Exercise materials:
[Start of section]
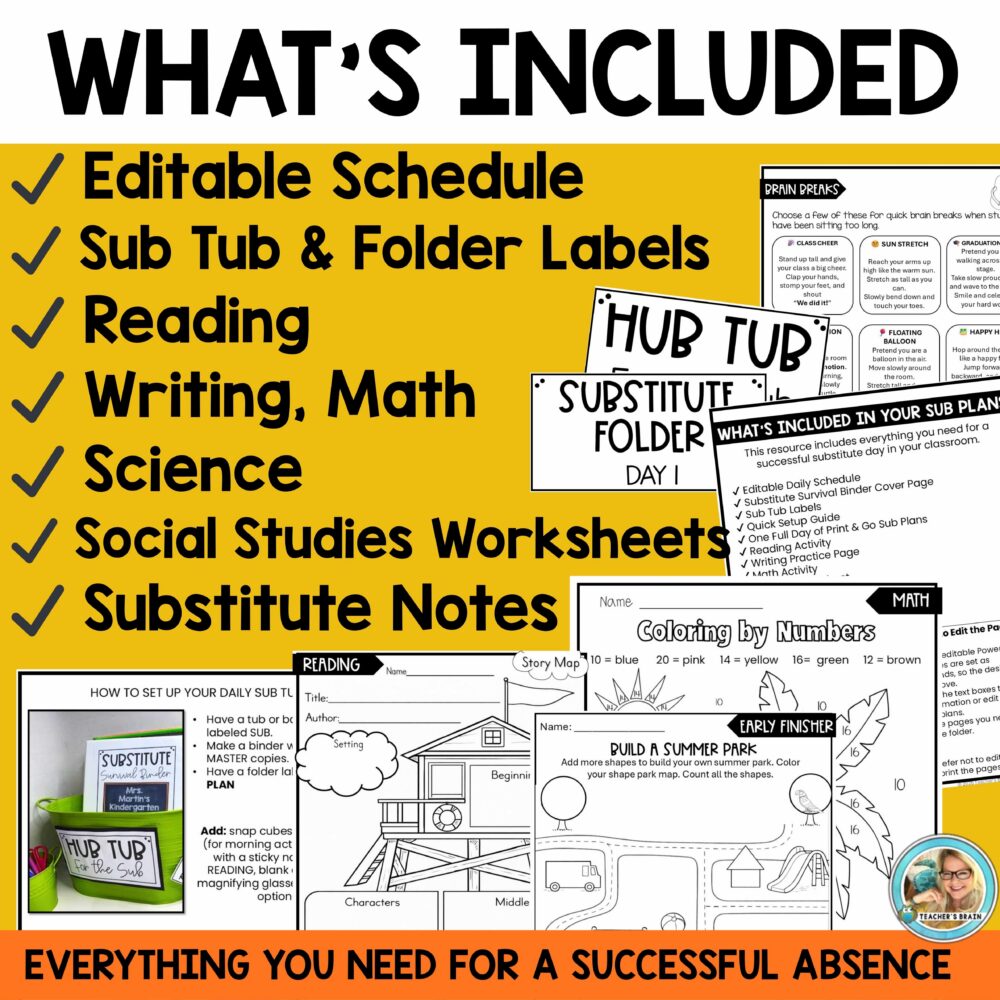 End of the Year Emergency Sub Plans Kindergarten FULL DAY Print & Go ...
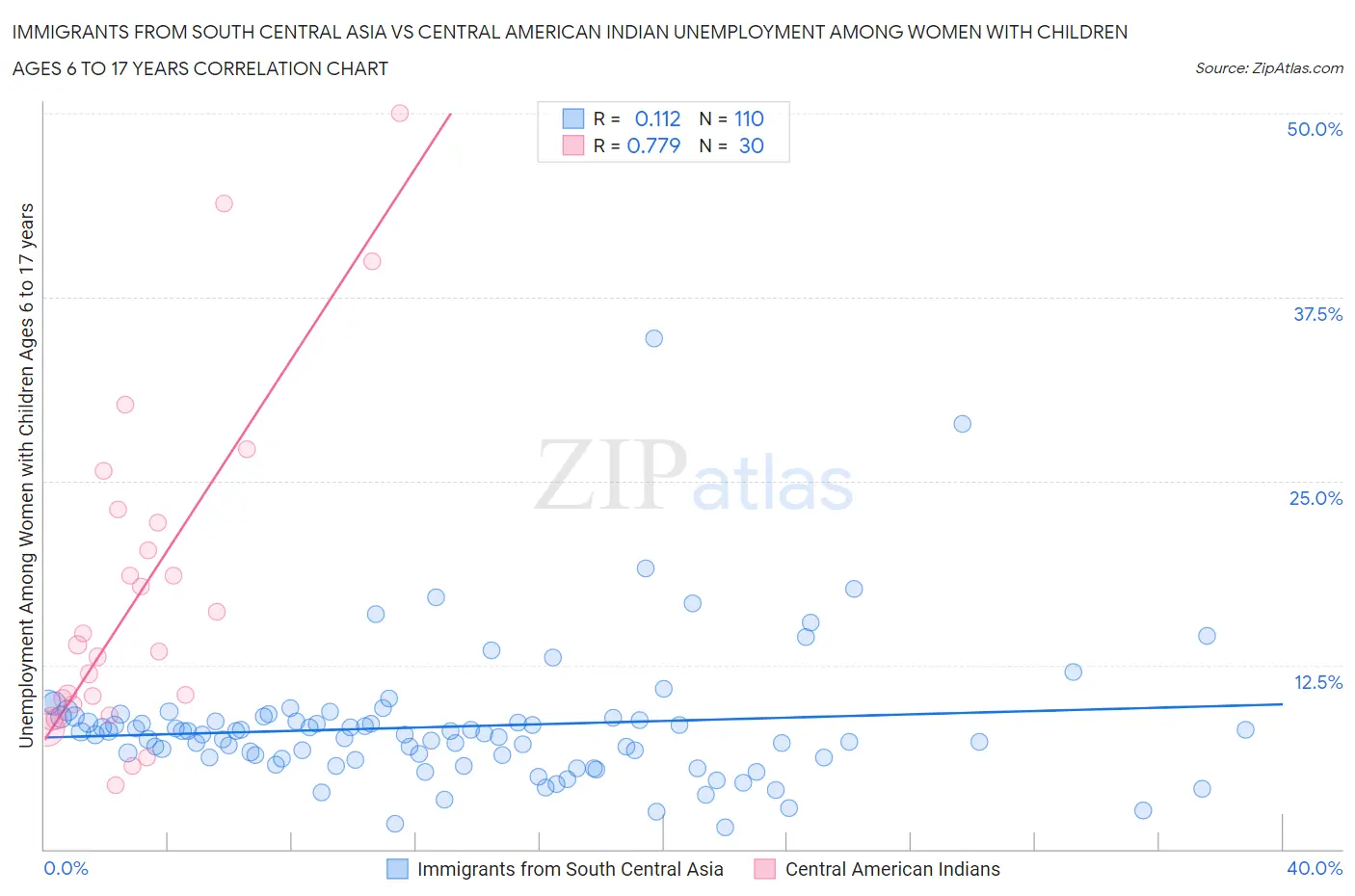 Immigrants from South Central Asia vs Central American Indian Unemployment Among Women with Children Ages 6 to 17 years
[End of section]
[Start of section]
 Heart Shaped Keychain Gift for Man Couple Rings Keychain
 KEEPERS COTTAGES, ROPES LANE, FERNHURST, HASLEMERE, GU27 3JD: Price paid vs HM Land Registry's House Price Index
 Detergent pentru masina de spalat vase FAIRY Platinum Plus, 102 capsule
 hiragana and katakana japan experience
[End of section]
In the entries above, restate word for word the lines between the one holding "KEEPERS COTTAGES, ROPES" and the one holding "hiragana and katakana japan experience", inclusive, and nothing besides.

 KEEPERS COTTAGES, ROPES LANE, FERNHURST, HASLEMERE, GU27 3JD: Price paid vs HM Land Registry's House Price Index
 Detergent pentru masina de spalat vase FAIRY Platinum Plus, 102 capsule
 hiragana and katakana japan experience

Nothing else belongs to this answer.